Cumartesi Anneleri , kayıpların akıbetini sormak ve faillerin yargılanması talebiyle 699’uncu kez Galatasaray Meydanı’nda bir araya geldi. Eylemde “Failler belli, kayıplar nerede?” pankartı açılırken, gözaltında kaybedilenlerin fotoğrafları taşındı. Halkların Demokratik Partisi (HDP) milletvekilleri Hüda Kaya, Gülistan Koçyiğit ve Filiz Kerestecioğlu da basın açıklamasına katılarak destek verdi.
Eylemde ilk olarak söz alan HDP Milletvekili Filiz Kerestecioğlu, Cumartesi Anneleri’nin 700’üncü haftasına çağrı yaparak, kayıp yakınlarıyla dayanışmayı büyütmeye ve destek verme talebinde bulundu.
Mezopotamya Ajansı'nın aktardığına göre daha sonra 1995 yılında gözaltına alındıktan sonra cenazesine ulaşılan Hasan Ocak’ın kardeşi Ali Ocak, 23 yıldır Galatasaray Meydanı’nda adalet aradıklarına vurgu yaptı. 700 haftadır mücadelelerinden vazgeçmediklerini dile getiren Ocak, “Suçluların, katillerin korunduğu bir bayrama giriyoruz. Biz buradan bir kez daha yetkililere sesleniyoruz. Bu coğrafyada işlediğiniz suçlarla yüzleşeceksiniz. Başka seçeneğiniz yoktur. Bunu gerçekleştirmediğiniz takdirde siz de yeni işlenecek insanlık suçların ortağı olacaksınız” diye belirtti.

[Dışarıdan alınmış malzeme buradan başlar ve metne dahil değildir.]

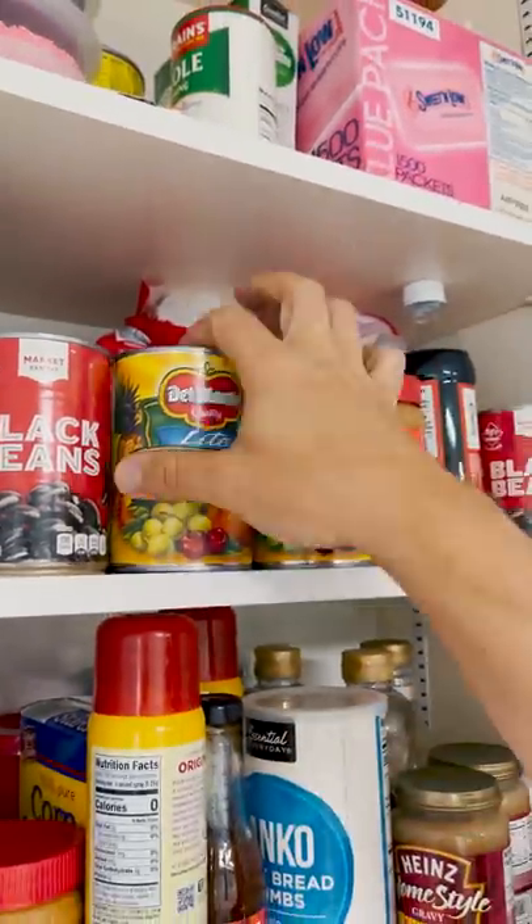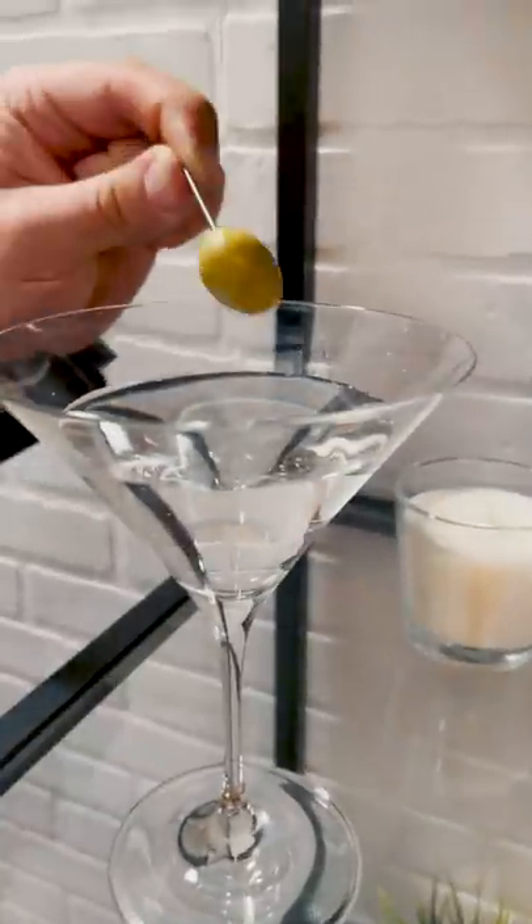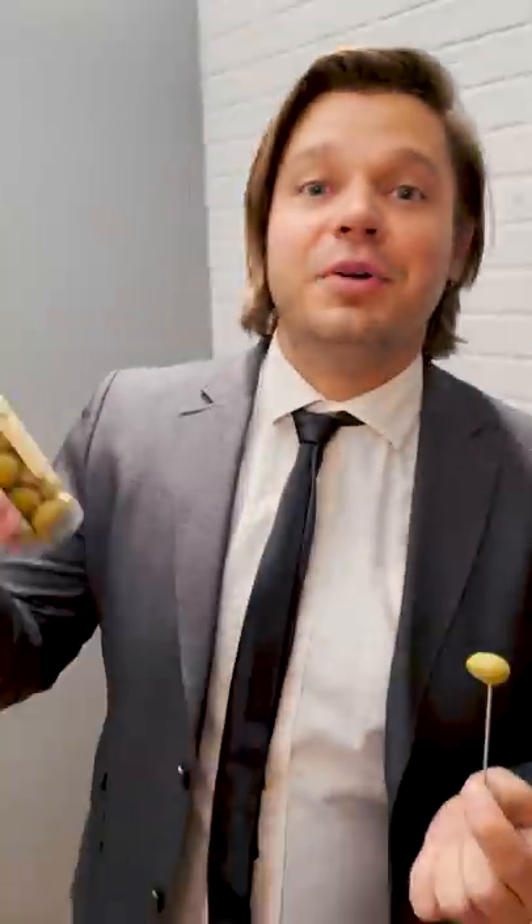Which one is the real fruit cocktail? That is the thousand dollar question. Did you guess right? Oh, nope. Not gonna put that in my drink, because these pimentos are made of almonds and chocolate. I'll show you. See?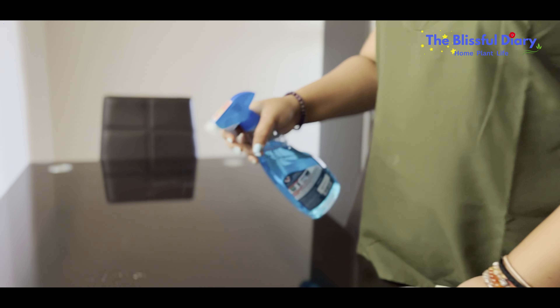Before jumping directly into the decor part, a proper cleaning of the table and the space is necessary. After all, hygiene first, right?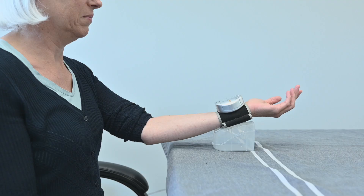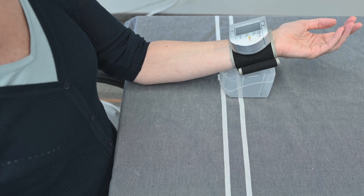While the measurement is being taken, do not speak and do not move. Try not to tense the muscles in your measuring arm.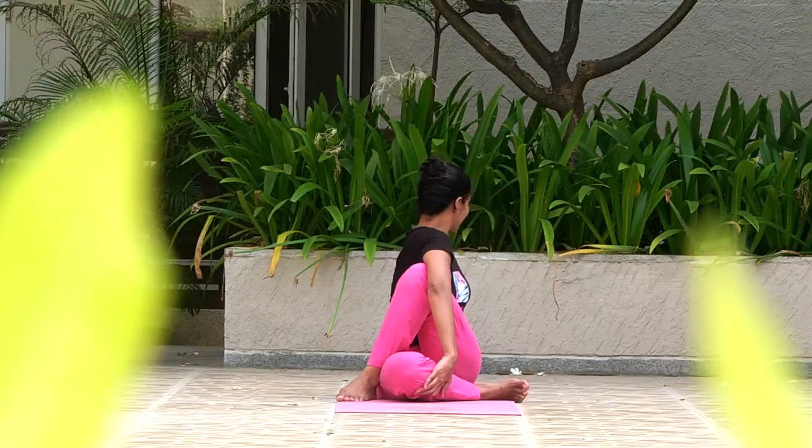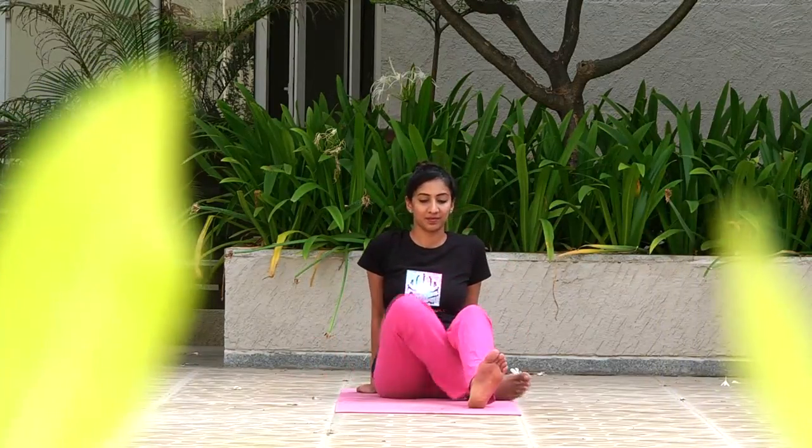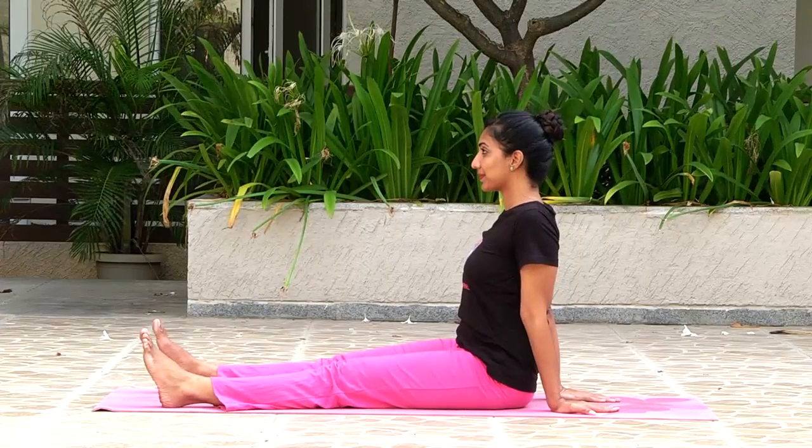Twist deeper and wrap your arm tighter around the knee. Extend the right arm actively and grab the left foot with the right hand. Repeat this sequence on the opposite side. Remember, twist from your lower back. Do not strain your neck.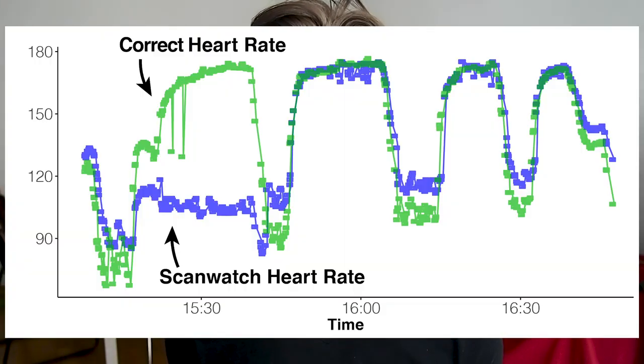Hello everyone, my name is Rob and I'm a postdoctoral researcher based in Vienna, Austria. In one of my previous videos on the Withings ScanWatch, I noticed that during cardio workouts it often recorded a way too low heart rate, about half of what it should be. The original analysis was based on just two days of heart rate data, so I figured it might be a one-time problem.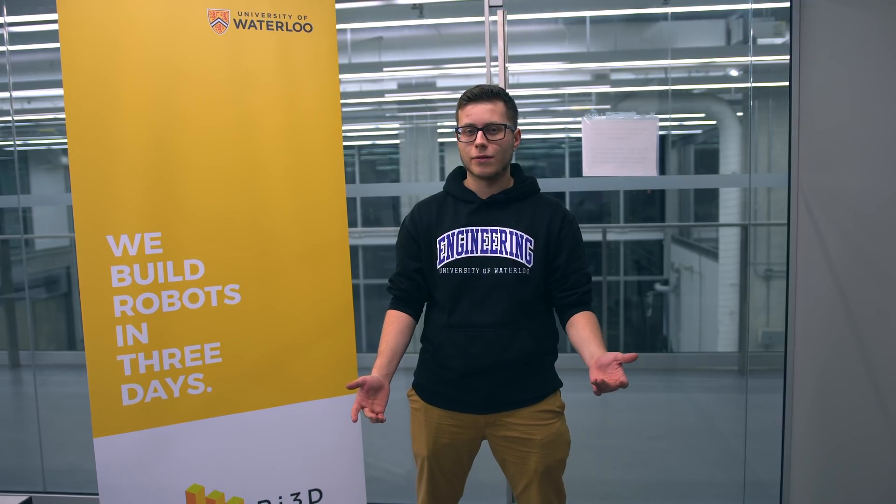That concludes day 3 of Robot in 3 Days at the University of Waterloo. Stay tuned for a robot release video and our final recap video. Thanks for watching.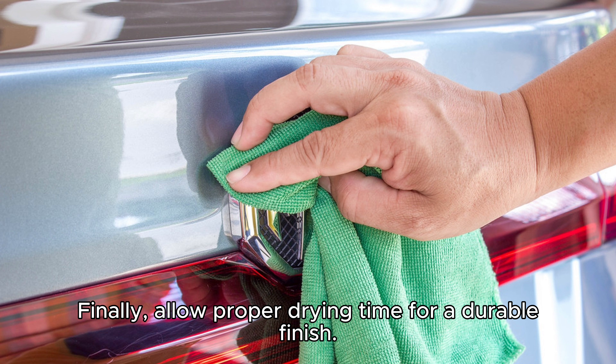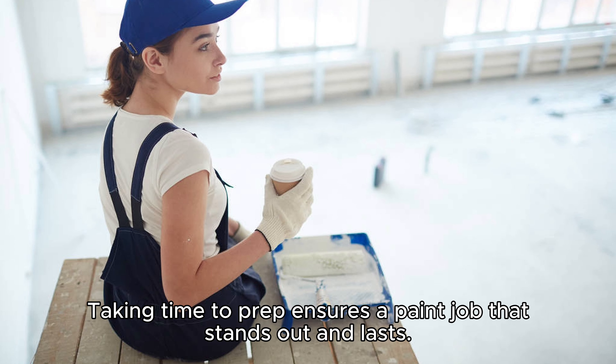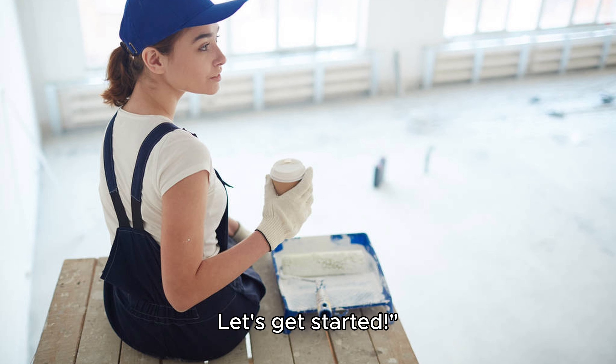Finally, allow proper drying time for a durable finish. Taking time to prep ensures a paint job that stands out and lasts. Let's get started.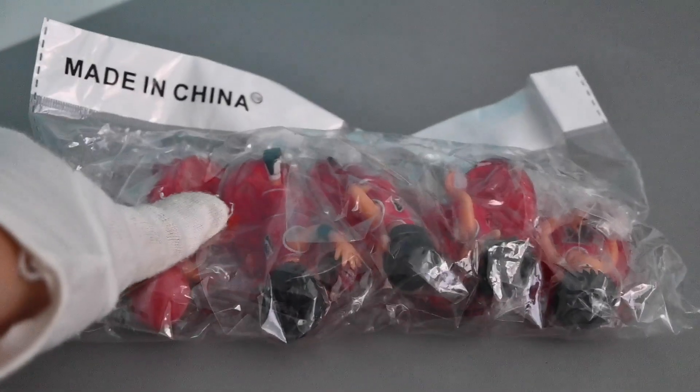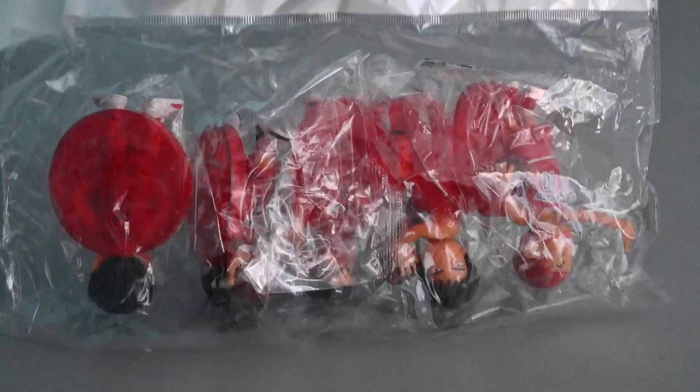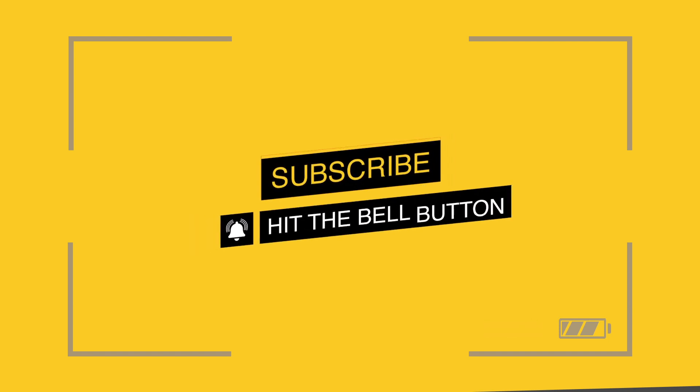Lastly, the packaging should have some authenticity stickers and a stable protective packaging to protect fragile figures. Originally, the figures are from Shweisha company, and I doubt that these figures are from Shweisha as they have many flaws. If you want to know more about this figure, visit us on isitfake.com.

Ocak’ın ardından12 Eylül 1980’de gözaltına alındıktan sonra kendisinden bir daha haber alınamayan Cemil Kırbayır’ın ağabeyi Mikail Kırbayır söz aldı. 699 haftadır direnişte olduklarına dikkat çeken Kırbayır şöyle konuştu:
Bu uzun soluklu direnişe bizi itekleyen şey açık. Ellerinizde bulunan fotoğrafların sahipleri bu topraklarda dünyaya gelmişti. Onların da bu dünyada yaşamaya hakkı vardı. Bunlar gencecik yaşta iken yaşamlarından sorumlu devlet gözaltına alarak yaşamlarına son verdi. İtirazımız bunadır. Onlara bir mezar yeri kadar toprağı bile çok gördü. Devlet suçludur. Devlet görevlileri insanlık suçu işlemiştir. Siz bize hak veriyorsanız, bizim başımıza gelen sizin başınıza gelsin istemiyorsanız, sadece 700’üncü hafta değil her zaman bizlere destek vermenizi istiyoruz.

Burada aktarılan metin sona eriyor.